Now, we can use the quotient rule to take the derivative:

\[\frac{d}{dx}S(x) = \frac{(1+e^{-x})(0) - (1)(-e^{-x})}{(1+e^{-x})^2}\]

We can simplify by removing the term that gets multiplied by zero and multiplying the parentheses.

\[\frac{d}{dx}S(x) = \frac{e^{-x}}{(1+e^{-x})^2}\]

At this point, we’re done. But it doesn’t look like the friendly, computationally useful derivative commonly used in neural networks to backpropagate through sigmoid activation functions. To get to that form, we can use a simple technique that is actually also used to derive the quotient and product rules in calculus: adding and subtracting the same thing (which changes nothing) to create a more useful representation.

In this case, we can add and subtract the value 1 in the numerator.

\[\frac{d}{dx}S(x) = \frac{1 - 1 + e^{-x}}{(1+e^{-x})^2}\]

Suddenly, it’s fairly clear that we might be able to cancel some things if we split this up into separate terms.

\[\frac{d}{dx}S(x) = \frac{1 + e^{-x}}{(1+e^{-x})^2} - \frac{1}{(1+e^{-x})^2}\]

Now we can do the canceling in the first term.

\[\frac{d}{dx}S(x) = \frac{1}{(1+e^{-x})} - \frac{1}{(1+e^{-x})^2}\]

This is starting to look good. Both terms have \(\frac{1}{(1+e^{-x})}\), so we can take that out and distribute it.

\[\frac{d}{dx}S(x) = \frac{1}{(1+e^{-x})} (1 - \frac{1}{1+e^{-x}})\]

One last step. The definition of sigmoid, \(S(x) = \frac{1}{1+e^{-x}}\), is inside this equation, so we can substitute it back in.

\[\frac{d}{dx}S(x) = S(x)(1 - S(x))\]

And there it is. The derivative of the sigmoid function is the sigmoid function times one minus itself.

Why is this formula Superior?

\(\frac{d}{dx}S(x) = S(x)(1 - S(x))\) is better than \(\frac{d}{dx}S(x) = \frac{e^{-x}}{(1+e^{-x})^2}\) primarily for one reason.

When we’re backpropagating the errors in a network through a layer with a sigmoid activation function, \(S(x)\) has already been computed. During the forward pass, we computed \(S(x)\) when we multiplied the inputs by the weights and applied the sigmoid function. If we cache that matrix we can calculate the derivative now with just a few simple matrix operations. This computational speedup is extremely useful when we’re doing computations on massive matrices and across multiple layers in a network.

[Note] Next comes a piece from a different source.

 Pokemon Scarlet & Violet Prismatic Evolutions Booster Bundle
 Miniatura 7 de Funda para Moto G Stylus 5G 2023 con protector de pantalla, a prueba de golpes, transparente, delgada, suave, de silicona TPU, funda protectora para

Understanding the individual components of a model is crucial to thinking deeply about extensions and appropriate applications. For neural networks, that includes both the choice of and the math behind activation functions that underpin backpropagation and the forward pass. Internalizing these derivations lays the foundation for effective imagination and evaluation of new types of network structures and topologies.